**PROBLEM TO WORK ON:** Could you restate, exactly and with nothing added, the lines from the start of the data through the line that holds "Amy Winehouse elhagyta a rehabot", leaving the pictures out?

**Items from a dataset:**
↓

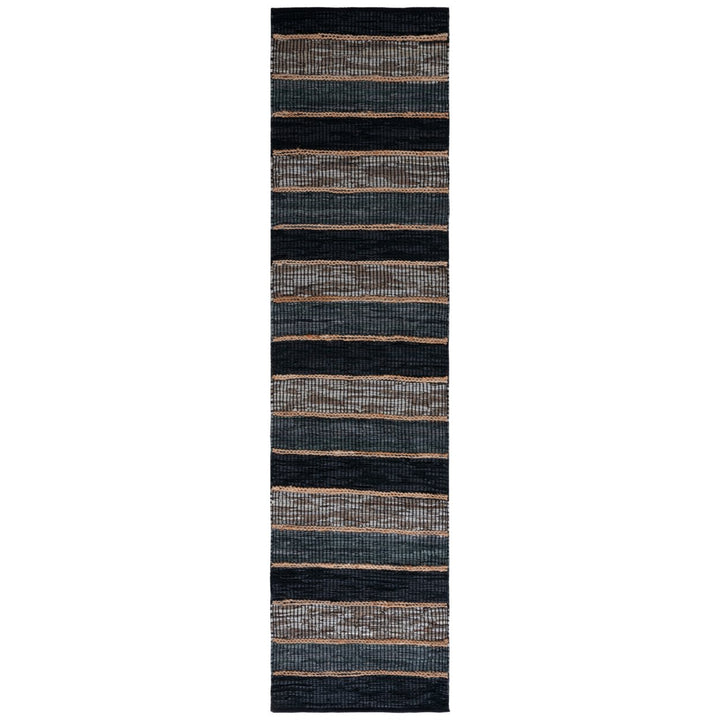 SAFAVIEH Vintage Leather VTL206Z Black / Natural Rug Image 1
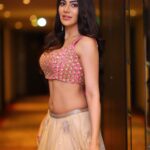 Nikki Tamboli Instagram - 👄💁🏼‍♀️H&M- @naazbridalmakeovers Styling👗- @officialanahita Designer- @ashwinireddyofficial Photographer📸- @pramod_captures for the opening of Sutraa Exhibition today in Hyderabad Thank you all #muchlove❤️ Taj Krishna, Hyderabad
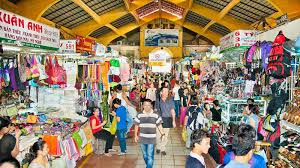 Salah satu yang wajib dikunjungi di tempat wisata di vietnam ini adalah citadel. 8 Tempat Belanja Murah Di Vietnam Yang Wajib Kamu Kunjungi Alowisata
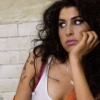 Amy Winehouse elhagyta a rehabot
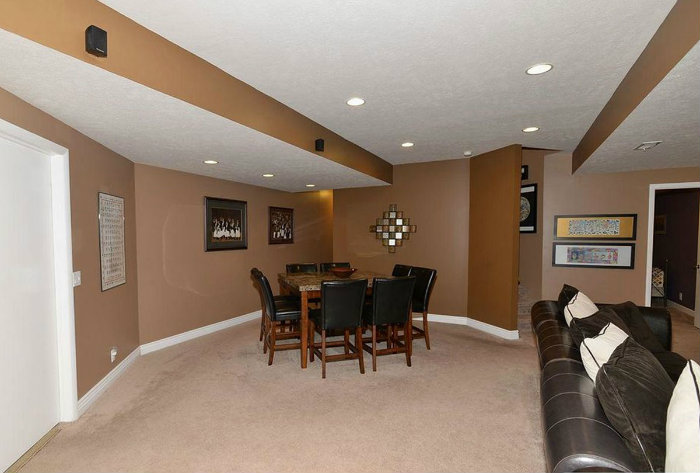 Καφέ με σοκολατί και λευκό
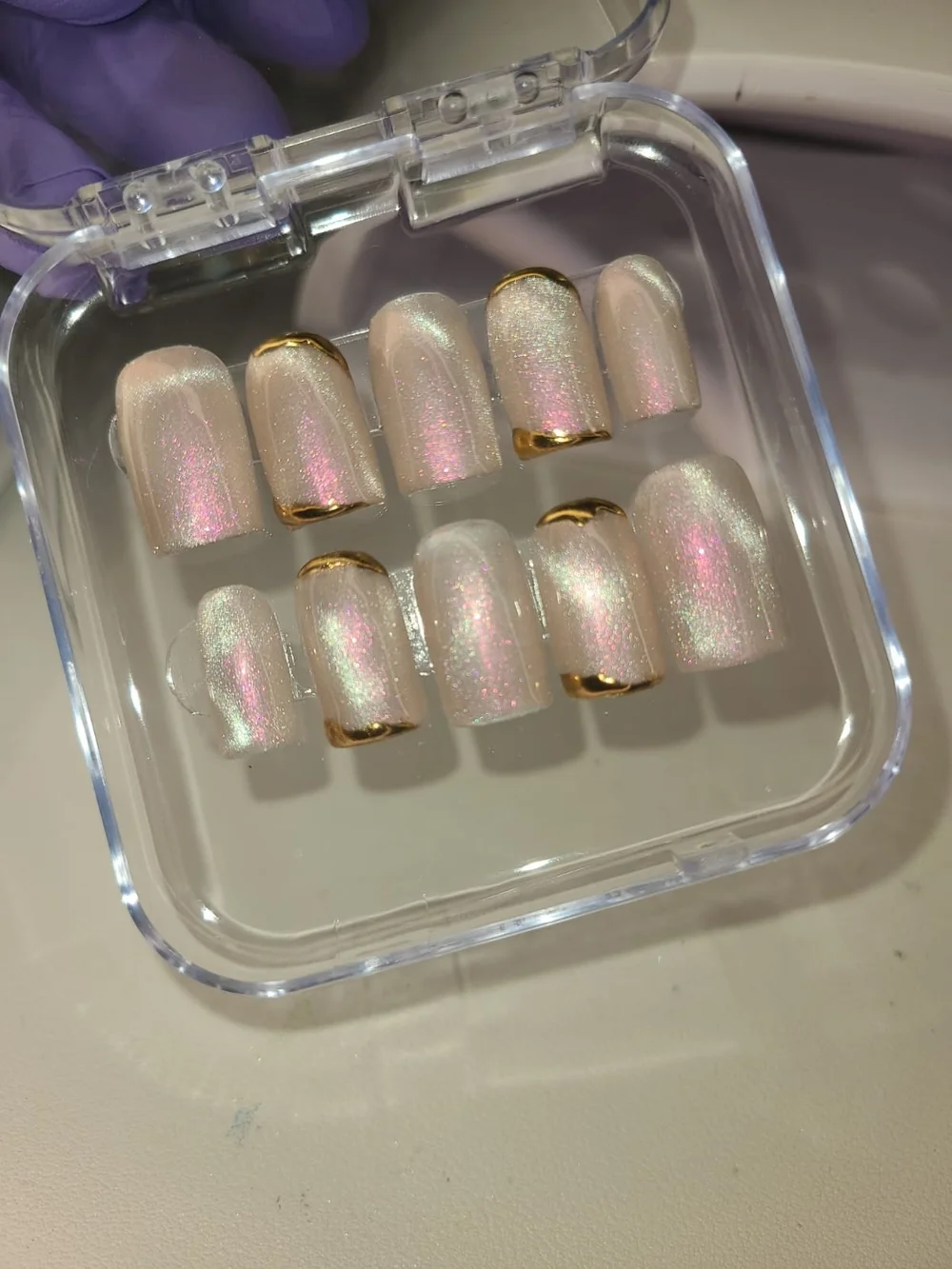 Size (S) Pearlescent Pink Press-On Nails with Gold Trim – Ready-to-Wear Set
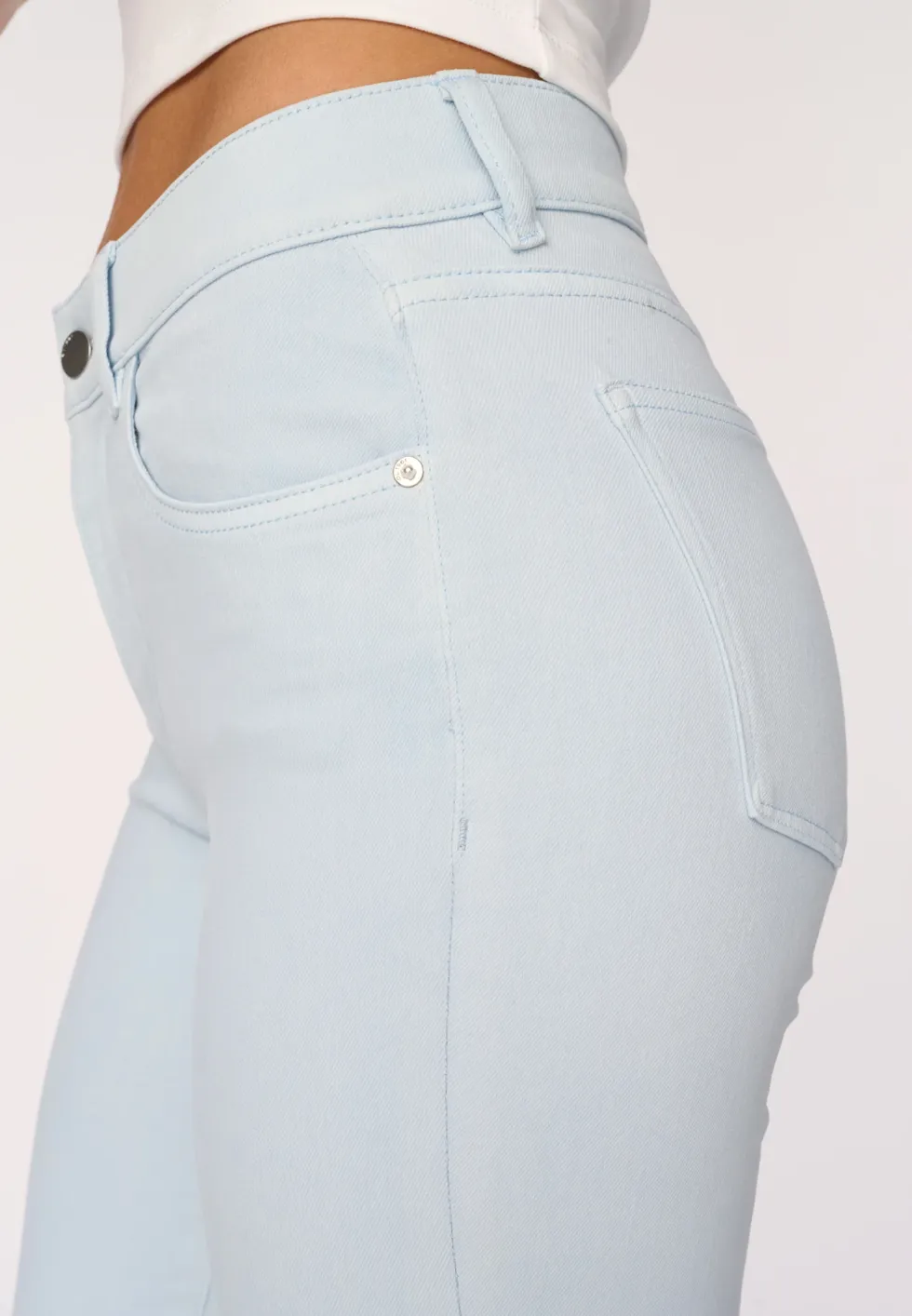 Mara Straight : Mid Rise Ankle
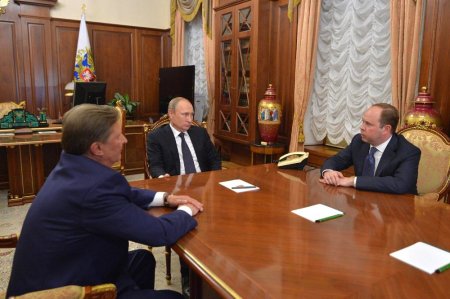 Владимир Путин провёл встречу с Сергеем Ивановым и Антоном Вайно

↑

**TASK OUTPUT:**
 SAFAVIEH Vintage Leather VTL206Z Black / Natural Rug Image 1
 Nikki Tamboli Instagram - 👄💁🏼‍♀️H&M- @naazbridalmakeovers Styling👗- @officialanahita Designer- @ashwinireddyofficial Photographer📸- @pramod_captures for the opening of Sutraa Exhibition today in Hyderabad Thank you all #muchlove❤️ Taj Krishna, Hyderabad
 Salah satu yang wajib dikunjungi di tempat wisata di vietnam ini adalah citadel. 8 Tempat Belanja Murah Di Vietnam Yang Wajib Kamu Kunjungi Alowisata
 Amy Winehouse elhagyta a rehabot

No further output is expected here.